- Born: May 17, 1920 Syracuse, New York, U.S.
- Died: January 15, 1998 (aged 77) Manhattan, New York City, U.S.
- Education: University of Rochester
- Occupation: Newspaper columnist
- Spouse: David Lowe ​ ​(m. 1957; died 1965)​

= Harriet Van Horne =

American newspaper columnist and critic (1920–1998)

Harriet Van Horne (May 17, 1920 – January 15, 1998) was an American newspaper columnist and radio and television critic. She was a writer for many years at the New York World-Telegram and its successors.

==Life and career==
Harriet Van Horne was born on May 17, 1920, in Syracuse, New York. She graduated from high school in Newark, New York, and from the College for Women of the University of Rochester in 1940.

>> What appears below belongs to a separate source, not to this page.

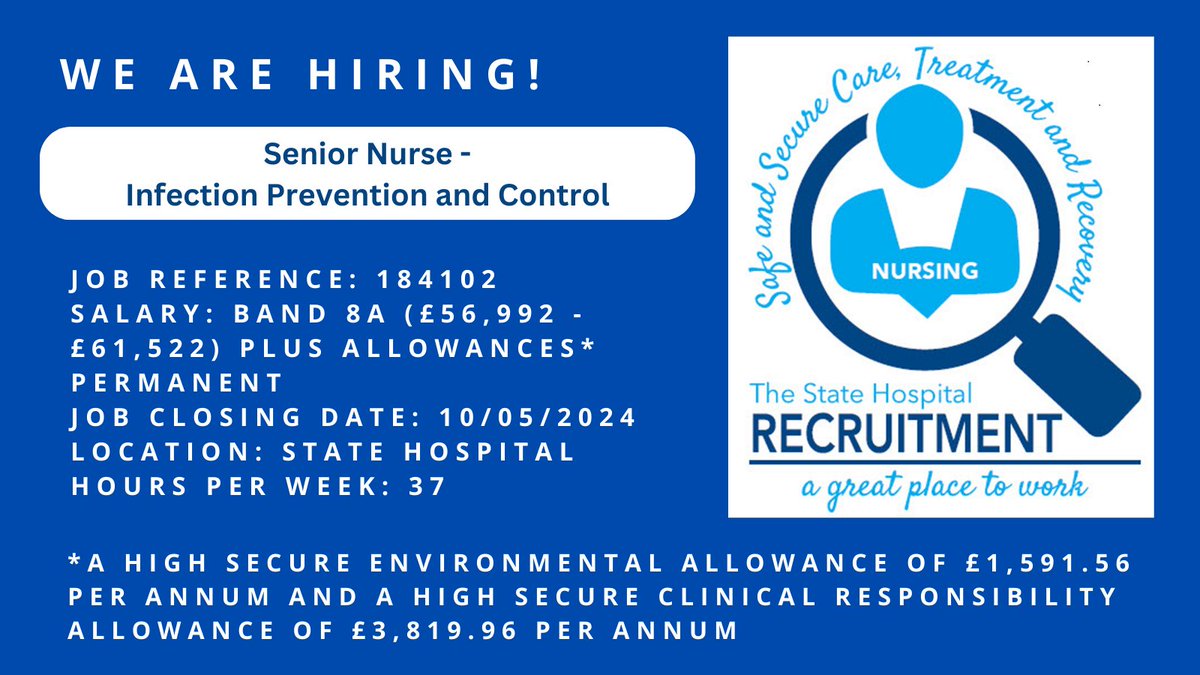 #jobalert We are currently seeking a Senior Nurse with a remit for Infection Prevention and Control and nurse lead for End of Life Care. Click on the link more information or to apply. apply.jobs.scot.nhs.uk/Job/JobDetail?…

During the 1940s and 1950s, she appeared frequently on television as a celebrity panelist. Van Horne was a regular on NBC's popular series Leave It to the Girls from 1949 to 1954. She was also a regular on the DuMont Television Network's quiz show What's the Story from 1952 to 1955.

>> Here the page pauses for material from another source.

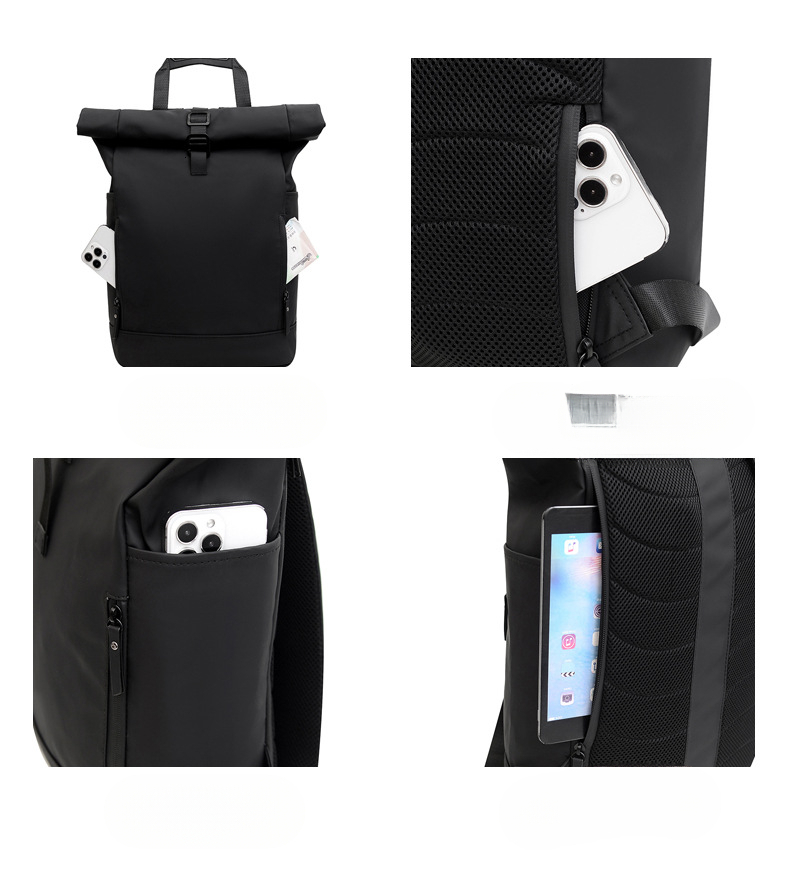 Fashionable men's roll top waterproof business backpack commuting laptop bag casual women's travel bag backpack designer bag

She was a syndicated columnist, appearing in the New York Post and other newspapers around the country. In 1960, she covered the Nixon-Kennedy debates as a television critic for the Scripps-Howard newspaper chain. Her work landed her on the master list of Nixon political opponents.

Van Horne was also a member of the Peabody Awards Board of Jurors from 1958 to 1967.

Van Horne had to deal with prevailing sexism against female journalists. Ray Erwin of Editor & Publisher described syndicated columnist Van Horne as "a dainty, blue-eyed blonde with a sweet-voiced feminine manner-and a harpoon in her typewriter." In 1972, she published the essay collection Never Go Anywhere Without a Pencil.

Her reporting also landed her on President Nixon's master list of Nixon political opponents.

According to Van Horne, "I used to enjoy radio until I realised that by listening to it, I had become almost as sterile and unimaginative as the programs themselves." She said that TV review was arduous work, commenting "Imagine having to review 'I Love Lucy' 20 times or 'Gunsmoke' 10 times." In her later years, she said "For all my criticism, I almost enjoyed 'Playhouse 90' compared to the canned shows from Universal or all that cowboy and cop nonsense."

Van Horne continued writing her newspaper column almost up to her death, eventually replacing TV reviews with any random subject that crossed her mind. While her columns remained popular with readers, few newspapers carried them due to the impossibility of categorization.

==Personal life and death==
Van Horne married her husband, David Lowe, a television producer, in 1957. He died in 1965. She died of breast cancer at New York Hospital in Manhattan on January 15, 1998, at the age of 77.